Noxious Needles, Graphite and Charcoal on Paper 24" x 16"  2013
I decided to further develop the mass of leaves in the bottom right-hand corner of this drawing.   with tonal contrast  and delineated veins on some of the leaves.  At this point, I chose to leave the drawing and move on to the next project, Nettles Clump, below.

Nettles Clump,  Birch Plywood 2013
I plan to produce at least five thistle-inspired, low relief panels for an installation that will include a large drawing similar to Noxious Needles. 

Saturday, September 21, 2013

Updated 'Nettles' and 'Noxious Needles'

Nettles  18 in. x 14 in. x 2 in. Acrylic on birch plywood 2013

Noxious Needles 24 in. x 16 in. x 3 in. Graphite and charcoal on paper 2013
Following my meeting with my artist mentor, Patte Loper, I decided to work on both projects again.
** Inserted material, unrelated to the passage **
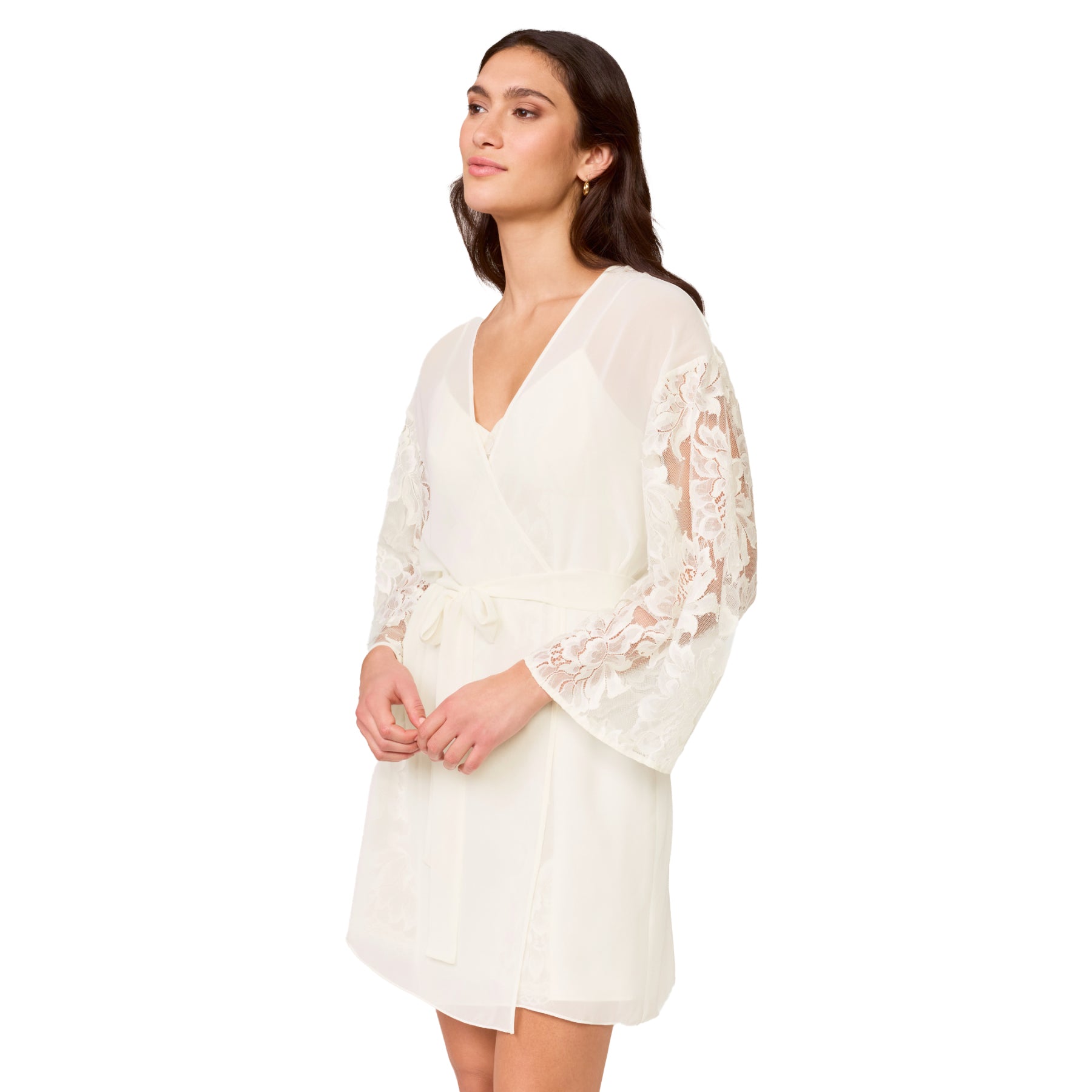 Ivory sheer chiffon robe with delicate lace sleeves and soft wrap silhouette, styled over matching lingerie.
Both projects needed more dramatic values.  Nettles relates more closely to the drawing in tones of grey than in soft greens.  This approach also expresses a combination of fascination and repulsion much better as well.  The drawing was delicate and lacked the darker side of nature now visible with the addition of more leaves in charcoal pencil. The plants are showing growth and decay at the same time.

When I collected more thistle stalks, I noticed how new growth is taking hold where I cut thistles a month ago to bring into the studio.  This plant is determined to reproduce itself, with flowers, pods and self propagating roots.  If you don't want it in your yard, you have to smother it under thick black plastic for weeks.

The thistle prefers disturbed land and poor soil in order to thrive.  Its presence indicates that the local environment has been drastically transformed through human activity.

Monday, September 9, 2013

Nettles & Lupini

Nettles,  Acrylic on Birch Plywood and Bamboo Points,  17 x 15 x 4 in.  2013
 Nettles received its final wash of paint a few days ago.  This thin application of paint, water and medium brings out the textures on the wood's surfaces. Brushstrokes and dripped paint contributed to the unevenness that suggests dust or even herbicide on the thistle leaves.  This piece is more three-dimensional and multi-layered than previous panels have been. The plant forms have become more integrated within the rectangular panel, alluding to the melding of culture and nature that is all around us.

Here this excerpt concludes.